At first, I didn’t do a good job giving or receiving gifts. I didn’t know what to bring. I know that you should bring a bottle of wine or a potted plant to an American social event. What do you bring to an Afghan meeting?
Eventually, I asked the various police check point commanders what they wanted. The first answer was ammunition. I couldn’t legally provide that. I did ask how the various policeman cleaned their weapons, though. They didn’t.
Now, the AK-47 is a durable weapon, but it works even better if it is clean. Fortunately, I could give the policemen cleaning fluid. I asked what else they needed. Well, the Afghan police had trouble staying awake all night. So did my men. We used energy drinks. After a few weeks, I started bringing energy drinks with me to meetings, same with extra energy bars I was getting from back home.
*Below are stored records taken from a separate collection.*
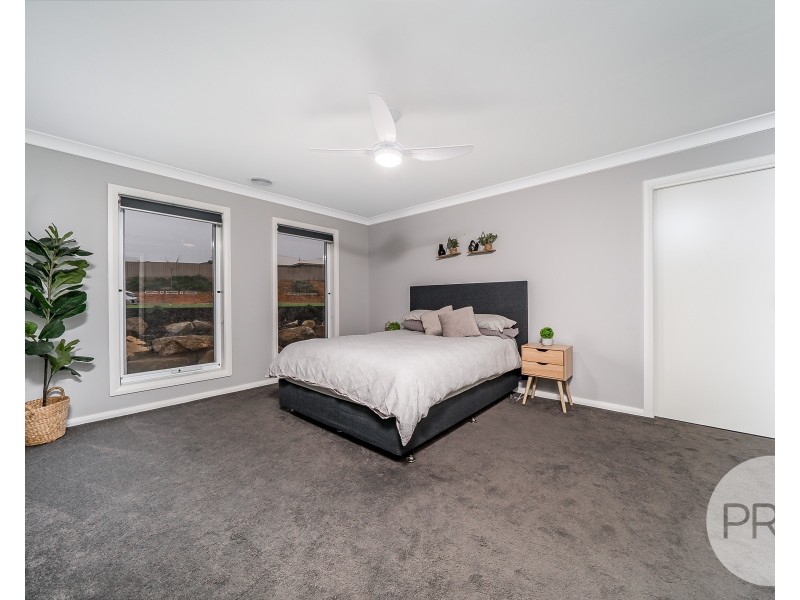 16 Ansett Street, Lloyd NSW 2650
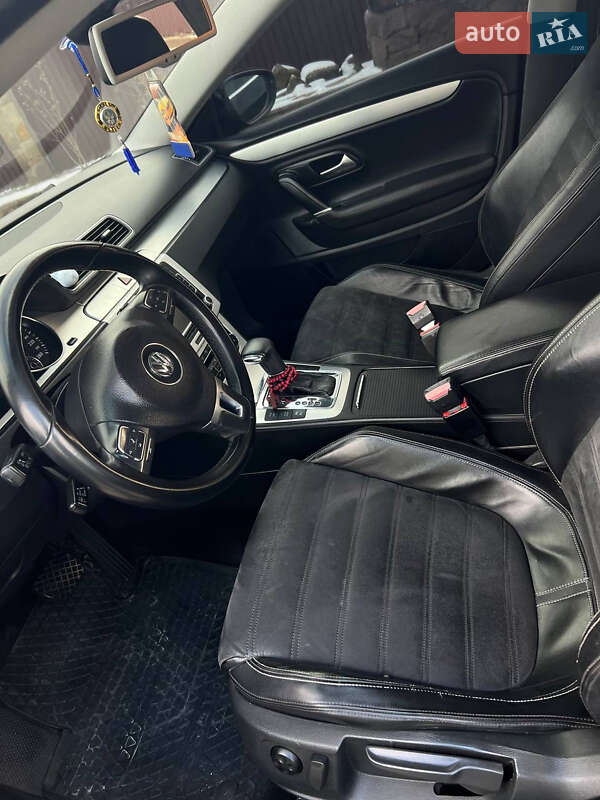 Купе Volkswagen CC / Passat CC 2009 в Залещиках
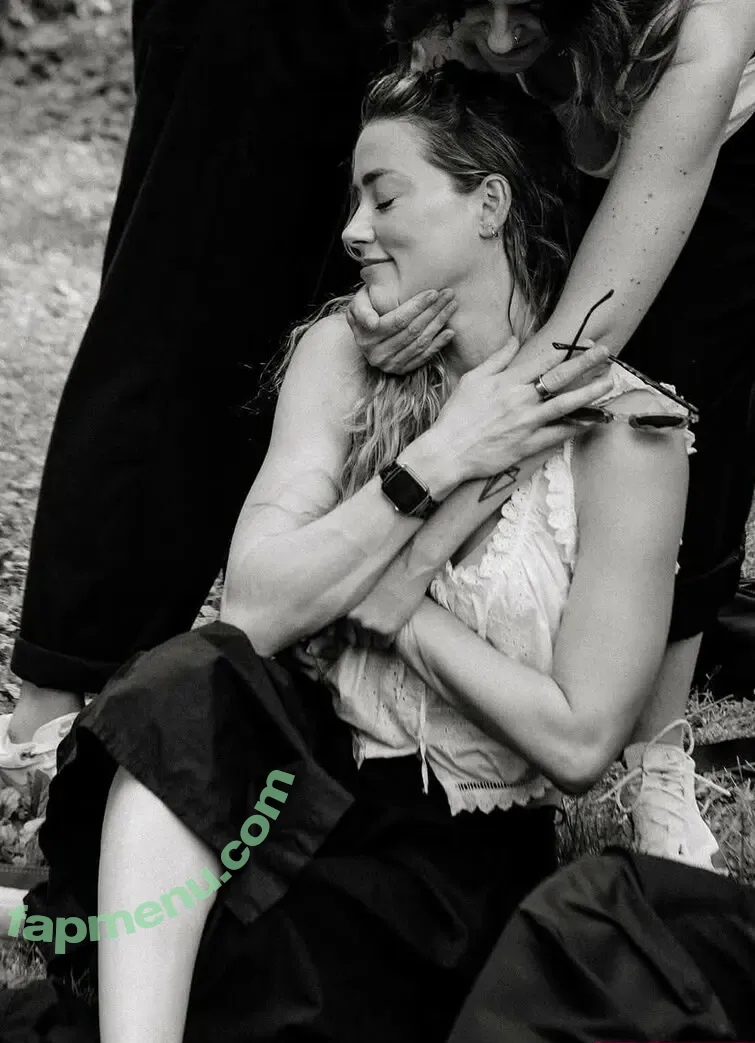Amber Heard nude photo #1058 (Amberheard / Simp Chat / realamberheard)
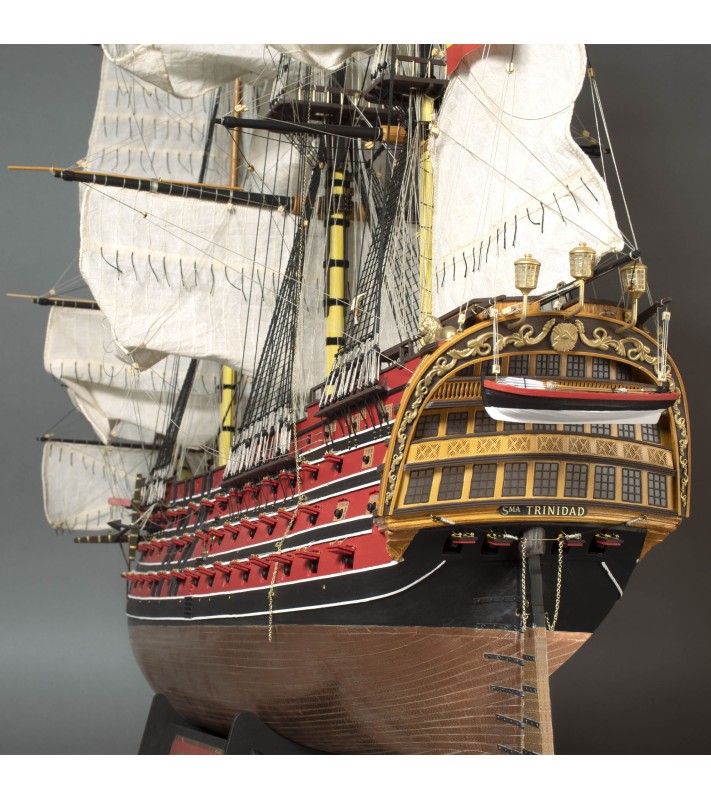 Modello di nave in legno Santisima Trinidad 1:84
It turns out that Afghans (and Iraqis from what I understand) respond kindly to getting gifts. As far as I can tell, it seems like most cultures, if not everyone, around the world requires bringing or giving of gifts at social functions. Many holiday traditions around the world involve giving gifts to children (presumably because the kids like receiving gifts). Most wedding traditions involve giving the newlyweds gifts--again around the world.
In Afghanistan, my most trusted relationships involved an equal trade of gifts, beyond what our duty mandated. At our best, most reliable checkpoint in Serkani, I brought energy drinks and Hesco barriers. One check point had a mortar tube they would fire at random. By teaching them how to fire it, we also conveniently arranged so they wouldn’t fire it unless we gave them the okay. In exchange, they frequently gave me chai, oranges, and watermelon. These gifts weren’t needed in the course of our work, they just happened.
So here is a simple equation: People like gifts. Afghans are people. Ergo proctor hoc, Afghans like gifts.
As I said yesterday, Afghans hate being shot, seeing their family wrongly detained, and hate threats of violence by the Taliban. But those are different issues than the one I am talking about today. Same with an unequal giving of gifts, where one side showers the other with presents, like Bing West mentioned. But this doesn’t refute the idea that, as people, Afghans like gifts. Personal relationships in Afghanistan matter, including whether people like you. Bringing gifts won’t hurt in this regard.